A FORMER SAS colonel and Second World War hero has died at the age of 100.

Taunton-born John Llewellyn Waddy saw action at the Battle of Arnhem and was wounded and taken prisoner of war by German troops.

In later life he was an adviser for and enjoyed a walk on part in the film A Bridge Too Far, which told the story of the bloody battle.

John, who was born in June 1920 and served with the Somerset Light Infantry in India after he joined up in July 1939.

He then volunteered to join the Parachute Regiment and saw action in Italy in 1943.

He was then part of the 1st Airborne Division with 4 Para at Arnhem.

After the war he saw action in Palestine and the Malayan emergency and was mentioned in dispatches.

He became a director of the SAS and was a military advisor.

He died on Sunday.

John, the son of Lt Col Richard Waddy, DSO, and his wife Llewellyn, was educated at Wellington College and then as a cadet at Sandhurst.

He sailed for India the day that war was declared on Germany.

There was little action in India, so he volunteered for a new British parachute battalion in August 1941, qualifying for his wings on the day Japan attacked Pearl Harbour.
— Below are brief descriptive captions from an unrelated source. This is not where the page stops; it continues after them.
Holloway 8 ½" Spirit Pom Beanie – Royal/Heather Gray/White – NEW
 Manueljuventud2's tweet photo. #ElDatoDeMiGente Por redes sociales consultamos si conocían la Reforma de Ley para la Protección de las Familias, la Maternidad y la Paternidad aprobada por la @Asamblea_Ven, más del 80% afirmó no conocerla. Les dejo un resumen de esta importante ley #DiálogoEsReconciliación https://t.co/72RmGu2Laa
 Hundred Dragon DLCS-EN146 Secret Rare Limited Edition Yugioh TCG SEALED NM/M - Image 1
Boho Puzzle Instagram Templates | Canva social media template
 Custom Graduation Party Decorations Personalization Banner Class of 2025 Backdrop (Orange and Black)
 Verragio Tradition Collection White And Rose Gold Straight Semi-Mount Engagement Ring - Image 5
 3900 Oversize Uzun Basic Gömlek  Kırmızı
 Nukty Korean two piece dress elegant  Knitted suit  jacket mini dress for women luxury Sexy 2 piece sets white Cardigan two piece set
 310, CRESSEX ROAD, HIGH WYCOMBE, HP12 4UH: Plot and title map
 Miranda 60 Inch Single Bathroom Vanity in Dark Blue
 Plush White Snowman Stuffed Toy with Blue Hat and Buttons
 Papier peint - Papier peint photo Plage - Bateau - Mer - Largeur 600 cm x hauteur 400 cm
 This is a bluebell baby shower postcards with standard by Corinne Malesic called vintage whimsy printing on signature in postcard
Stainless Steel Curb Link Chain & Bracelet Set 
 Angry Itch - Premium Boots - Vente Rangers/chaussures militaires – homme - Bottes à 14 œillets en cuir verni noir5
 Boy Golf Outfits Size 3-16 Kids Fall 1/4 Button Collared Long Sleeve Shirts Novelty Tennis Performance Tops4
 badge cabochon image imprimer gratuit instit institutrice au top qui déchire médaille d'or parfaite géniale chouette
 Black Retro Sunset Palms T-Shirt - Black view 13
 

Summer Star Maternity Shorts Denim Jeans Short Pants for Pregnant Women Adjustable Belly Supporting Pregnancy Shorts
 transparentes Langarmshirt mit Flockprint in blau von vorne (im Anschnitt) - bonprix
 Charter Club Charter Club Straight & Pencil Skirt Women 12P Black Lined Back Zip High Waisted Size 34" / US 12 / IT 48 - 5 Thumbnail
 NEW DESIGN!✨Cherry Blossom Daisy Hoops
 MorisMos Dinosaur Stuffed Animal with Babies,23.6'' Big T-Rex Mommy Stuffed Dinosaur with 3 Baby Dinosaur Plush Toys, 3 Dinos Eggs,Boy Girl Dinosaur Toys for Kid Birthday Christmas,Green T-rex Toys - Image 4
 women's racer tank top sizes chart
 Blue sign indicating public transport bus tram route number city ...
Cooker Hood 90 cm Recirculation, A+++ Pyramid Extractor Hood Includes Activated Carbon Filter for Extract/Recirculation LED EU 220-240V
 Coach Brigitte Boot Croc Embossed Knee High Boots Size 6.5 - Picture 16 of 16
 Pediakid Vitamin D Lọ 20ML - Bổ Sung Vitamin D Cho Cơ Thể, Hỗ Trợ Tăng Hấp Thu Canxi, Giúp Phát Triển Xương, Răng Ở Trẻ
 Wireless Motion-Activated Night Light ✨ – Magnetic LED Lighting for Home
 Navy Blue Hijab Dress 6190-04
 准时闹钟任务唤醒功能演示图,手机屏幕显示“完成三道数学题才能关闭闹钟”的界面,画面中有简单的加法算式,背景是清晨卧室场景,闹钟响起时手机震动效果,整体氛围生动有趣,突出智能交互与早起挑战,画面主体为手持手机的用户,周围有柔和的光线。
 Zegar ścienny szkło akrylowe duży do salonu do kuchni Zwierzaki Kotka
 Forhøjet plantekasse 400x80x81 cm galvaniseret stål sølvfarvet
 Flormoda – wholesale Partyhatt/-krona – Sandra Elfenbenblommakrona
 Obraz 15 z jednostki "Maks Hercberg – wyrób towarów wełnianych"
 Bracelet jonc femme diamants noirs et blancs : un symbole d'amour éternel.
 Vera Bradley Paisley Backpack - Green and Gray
He was posted to Italy, where he found an Italian 179mm Howitzer, which he used to scatter Germans gathering to counter attack.

John was promoted to acting major before sailing back to Britain and Operation Market Garden.

The Allies planned o use airborne forces to secure key bridges over rivers and canals in the Netherlands, opening a route into Germany.

John was dropped at Arnhem and he later recalled that his Dakota plane was so near the ground he could see the faces of the German gun crews below.

He and his men came under small arms fire at the plane's doors and heavy fire as they parachuted onto Ginkel Heath and were later strafed by a German fighter and encountered German Panzer tank troops.

John was shot in the groin by a sniper as he took on a twin barrelled German 20mm flak gun.

He was only saved by a Rhodesian soldier who carried him back to Company HQ, where he was operated on on a hotel billiard table.

Then in aid stations he was hit in the left foot by a mortar round shell fragment and another hit caused facial and shoulder wounds.

Once recovered he was taken to Stalag VII-A where he stayed until liberated in April 1945.

John he was impressed by the kindness of the German medial staff and guards, with one nurse saving his foot from being amputated.

He went on to hold a series of command posts at home and overseas and won the OBE in 1963.